In weniger defensivem Tonfall (und etwas lauter als zuvor) fuhr er fort: "Although I did take a leap of faith here, da hast du schon recht. Und für dich gleich mit! Als Mann des Glaubens kannst du mir das hoffentlich verzeihen. Es ist normalerweise auch gar nicht meine Art. Tatsächlich hätte ich nichts lieber getan, als mich so unauffällig wie möglich an Jurij vorbeizudrücken, aber dann habe ich seinen Gesichtsausdruck gesehen. Henry, er sah aus wie du gestern nacht, als ich dir die Rückseite deines Zettelchens vorlas. Ich weiß ja noch immer nicht, worum es bei der Drohung ging, aber genauso entsetzt hat Jurij ausgeschaut. Da konnte ich einfach nicht anders..."
An dieser Stelle fiel sein Blick auf Rillfarsell, der mit geneigtem Kopf lauschte, und er runzelte die Stirn. Das war in der Tat seltsam. Jurij hatte er wenigstens schon einmal in Aktion erlebt (jemand, der sich schützend vor einen Verletzten stellte und es—unbewaffnet—mit einer Meute Schläger aufnahm, von dem durfte man vielleicht doch annehmen, dass er kein schlechter Kerl sei) aber wie kam Harry dazu, vor diesem völlig fremden Feenwesen gleich alles auszuplaudern? Hatte dieses ihn etwa bezaubert? Seine Augen verengten sich zu Schlitzen. Es entstand eine betretene, fast schon bedrohliche Pause, bis Harry sich räusperte.
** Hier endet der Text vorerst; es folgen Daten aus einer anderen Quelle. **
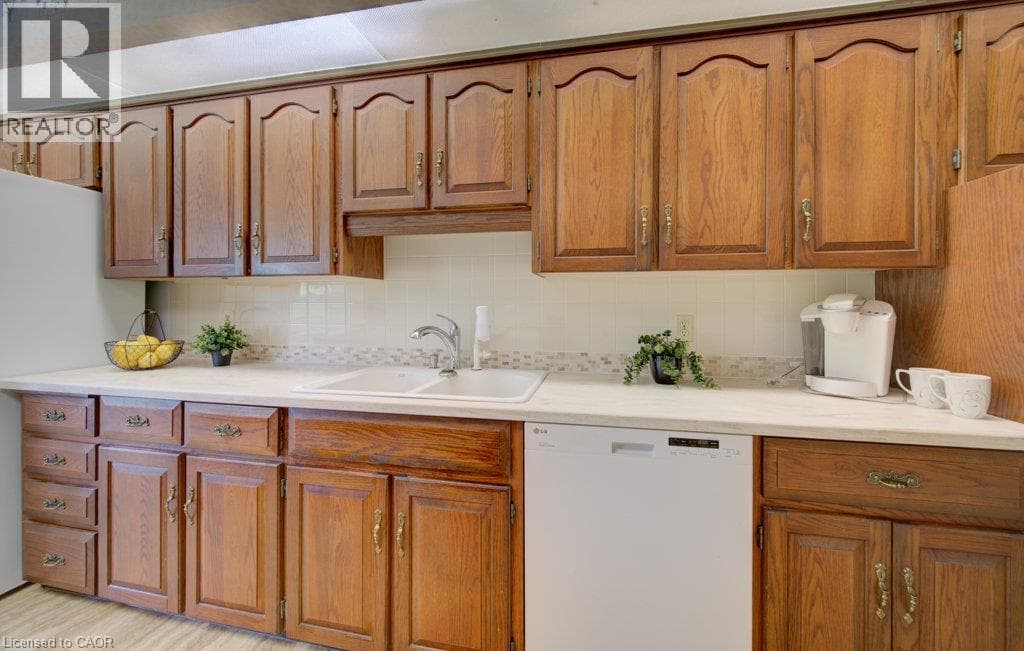 Apartment for sale at 52 BLUE SPRINGS Drive Unit# 32, Lincoln Heights, Waterloo, Ontario, photo 15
"Zumindest wissen wir jetzt, wie Rubin sich gefühlt hat, als er uns ansprach. Aber wie sagte der gute Mann: Ohne Risiko kein Wissensgewinn."
Dann erinnerte Harry sich an Jurijs Fragen. Nach kurzem Überlegen griff er in die linke innere Brusttasche seines Ledermantels und zog einen Stapel Briefe heraus, von denen er die eine Hälfte vor Jurij, die andere vor Rillfarsell auf den Tisch legte. Beide stellten als erstes fest, dass sie die Schrift darauf nicht lesen konnten, doch als sie ein paar der Briefchen aufnahmen und durchblätterten, wurde ihnen die Art und der ungefähre Inhalt schnell klar:
—das Papier der meisten war parfümiert, und zwar in den unterschiedlichsten Duftnoten;
—die verschiedenen Handschriften waren zumeist eindeutig weiblich;
—etliche enthielten Gedichte, erkennbar an der Zeilenform;
—außerdem war gut die Hälfte mit dem Abdruck von Lippen unterzeichnet (in den verschiedensten Rot- und Rosatönen).
"Nicht eine dieser Eroberungen geht auf meine Kappe. Ich habe die Damen das erste Mal letzte Nacht getroffen, als ich sie um Geld angehauen habe, damit ich für Henry und mich den Brückenzoll zahlen konnte. Lange Story, die ich euch vielleicht ein andermal erzähl. Jedenfalls waren die Damen sehr großzügig.
Wenn euch das als 'Beweis' noch nicht reicht: drei Wochen lang war ich, wie schon erwähnt, an mein Bett gekettet—im übrigen aber allein im Haus, denn Henry und ich waren getrennt worden—und litt dennoch weder Hunger noch Durst. Im Gegenteil: ich wachte regelmäßig mit einem Kater auf oder einem derart vollen Ranzen, dass ich am liebsten den Finger in den Hals gesteckt hätte.
Zuguterletzt: manchmal kommt mir etwas, das ich höre oder sehe, unerklärlich bekannt vor, und bereits zweimal hatte ich gar eine Vision, wie die Erinnerungen einer fremden Person. Einer weiblichen Person.
Ob es einen Weg gibt, den Schaden zu begrenzen, fragst du? Ich hoffe, dass wir da heute abend ein paar Tipps erhalten. In Bezug auf die Schuldfrage kann ich nur sagen: es sind nicht wir, die das tun. Es ist nicht unsere Schuld."
Bei seinen letzten Worten sah Harry jedoch keinen der drei an. Mit den Fingern seiner Linken drehte er—unbewusst?—an einem dünnen Silberring herum, den er an der Rechten trug. Er schloss die Augen, und als er sie wieder öffnete, waren seine Hände zu Fäusten geballt und in seinem Gesicht spiegelten sich Wut und Trauer zu gleichen Anteilen und auch, entgegen seinen Worten, Schuld.
Er räusperte sich abermals. "Aber jetzt seid ihr beide erstmal dran."